Kindly sent in by Vodafone U.K for and honest and un-biased review, we have the Motorola Moto G (2015 AKA 3rd Gen).

Back in 2013 Motorola introduced its answer to the perfect budget friendly smartphone, The Moto G (1st gen), this was to be their first entry into the Moto G family and the first Moto series phone since the Google buyout of Motorola (and before the eventual sale to Lenovo) to set foot inside the U.K territory. This phone promised to deliver specifications better than any of the current smartphones in its price bracket, as well as great performance thanks to a combination of decent specifications (For the price) and practically untouched Android. Since the Moto G (1st Gen) , there has been  a 2nd and now a 3rd gen and today I am going to be looking at the third generation model. I was fortunate enough to have owned the first model and I am now keen to see how this one does.

Technical Specifications:

  • Qualcomm Snapdragon 410 Quadcore 1.4 GHz
  • Adreno 306 GPU
  • 1 GB Ram (8 GB model) 2 GB Ram (16 GB Ram)
  • Two models available, one with 8 GB (1 GB Ram) and one with 16 GB (2 GB Ram)
  • Compatibility with MicroSD cards upto 32 GB
  • 2470 mAh Li-ion built-in battery
  • Connectivity: 4G,3G,2G,NFC,Bluetooth 4.o and WiFi
  • 13 Mega-pixel rear facing camera with dual LED flash
  • 5 Mega-pixel front facing camera
  • 5.o” IPS LCD Capacitive touch-screen (720 X 1280 with 294 PPI)
  • Near Stock Android 5.1.1 (At time of review)


If you have ever picked up an original Moto G or even a Moto X at any point and used it, then the design of the Moto G (3rd gen) will be familiar to you, although there are a few differences, which you’ll probably notice as you read this.

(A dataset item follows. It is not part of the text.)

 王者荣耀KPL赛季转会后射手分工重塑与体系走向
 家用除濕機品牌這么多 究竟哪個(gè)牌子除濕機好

The front of the phone is home to a 5 Mega-Pixel camera, two front facing speakers and sensors. The back cover of the phone is detachable and much like the first and second generation of Moto G, this version can be customised with shells and covers available in a variety of different colours and if you fancy buying the phone unlocked from Motorola you can even have it built to your specifications (Colours and accents etc…) using Moto Maker, which was originally launched in America with the Moto X (1st Gen) and first made its way to the U.K with the introduction of the Moto X (2nd Gen). The standard back cover that is included with the Vodafone version is a black textured plastic that feels good in hand. Taking off the rear cover reveals pretty much nothing, other than a MicroSD slot and a Micro Sim card slot. Present around the back of the phone is the 13 Mega-Pixel camera with a dual LED flash as-well as the Moto dimple that was introduced back in the original Moto X days and just like those days the only purpose the dimple provides is a nice little holding for your finger. The camera, flash and dimple are all joined by a rounded of strip.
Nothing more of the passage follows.